Every little thing like that, every time me and Ellie went out walking the dogs, the times I got to drive her car, the exhausting evening shifts at work, all fed into a comfortable, stable and happy feeling. A feeling of familiarity. Home.

When Grace and Lucy got back from their trip, I went over to visit them at their mum’s house, where we stayed up until 3 in the morning, to that point where you get slightly hysterical and start to find everything funny, to make a cake for Lucy’s belated birthday party the next day (she had turned 17 in Vietnam). And I got to meet her friends, and, as I had expected, got on very well with them. It was great fun.

We got to see them more in the weeks that followed, but February was rapidly slipping away. This home I had grown so accustomed to, I would soon have to leave behind. If I focused on it too much, I wouldn’t be able to handle it. So I continued on like we weren’t going to leave in two weeks, in one week, in three days.

And then it was time to go. To leave this home, these people, the dogs who wouldn’t understand where I’d gone or why my bedroom was now empty. I reminded myself that I had a cat back in England who had probably felt the same when I had left, and who I needed to come back to. This comforted me a bit – Ellie and Thomas loved those dogs and they would always have that love. My Tequila was still waiting for her version of Ellie and Thomas to get back: me.

Nonetheless, tears were shed, goodbyes were uttered that felt far too soon to say. The weekend before, we had already had to say goodbye to Grace and Lucy, which had been heartbreaking on its own, but saying goodbye to that house and that place, even my job, which Beth had gone and handed her resume into when I had handed back my uniform, was so hard. It was nice that Beth might end up working there, it felt like a continuation of sorts… One of my favourite coworkers, Madiha, was working at the front when me and Beth came in, and she gave me a couple of free cookies to say goodbye.

After packing our all-too-familiar, all-too-heavy rucksacks once again, we were off. Leaving this cozy little suburb behind. Ellie took us to the train station in Sydney where we would be catching our Greyhound bus that would take us away from her. Of course, it was heartbreaking all over again to say goodbye to Ellie, who I felt closer to now than I ever had. I love her so much.

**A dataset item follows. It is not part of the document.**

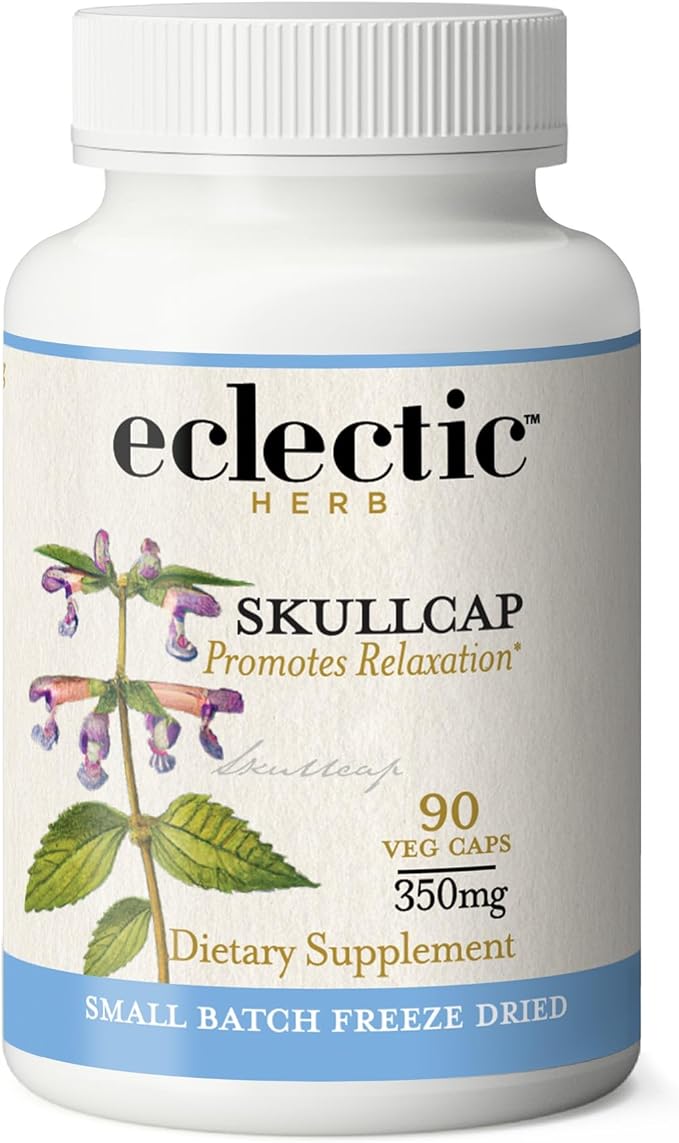 Eclectic Institute Raw Fresh Freeze-Dried Non-GMO Skullcap | Nervous System Support | 90 CT (350 mg)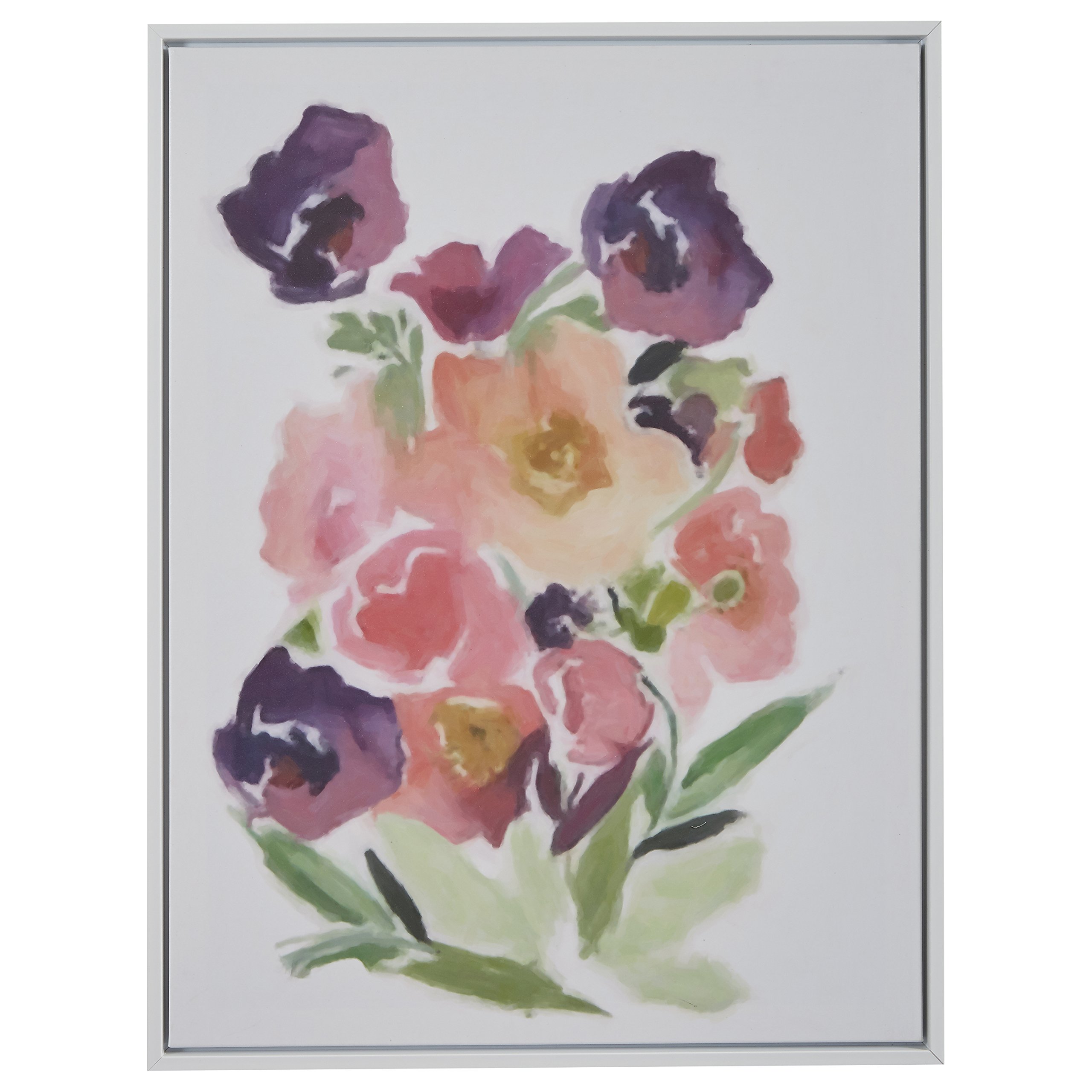 Amazon Brand – Stone & Beam Modern Purple Floral Print, White Frame, 31.75" x 41.75"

And then the bus set off. Leaving the land of safety and home, to once again set out on what felt like an impossible voyage. It felt all too familiar, like leaving behind our little train station at Castle Cary all those months ago.

We would be going back there, now. Every step would take us closer to our little home in East Pennard, even if it took us further and further away from the tiny pocket of Australia that I had come to think of as home, as well.

I had always known it would be hard to go, at the end of our stay in Australia, but ultimately I knew it was worth it. I can now call a place home that before I had only been able to try to imagine. And despite the pain, and the sadness of parting (and the three month trip back ahead of us), that makes it all worth it.

To know that part of the world. To have existed within it. To want to come back to this place, some time in the future. I owe that to this trip. And I will try to remember that, on the long long voyage home.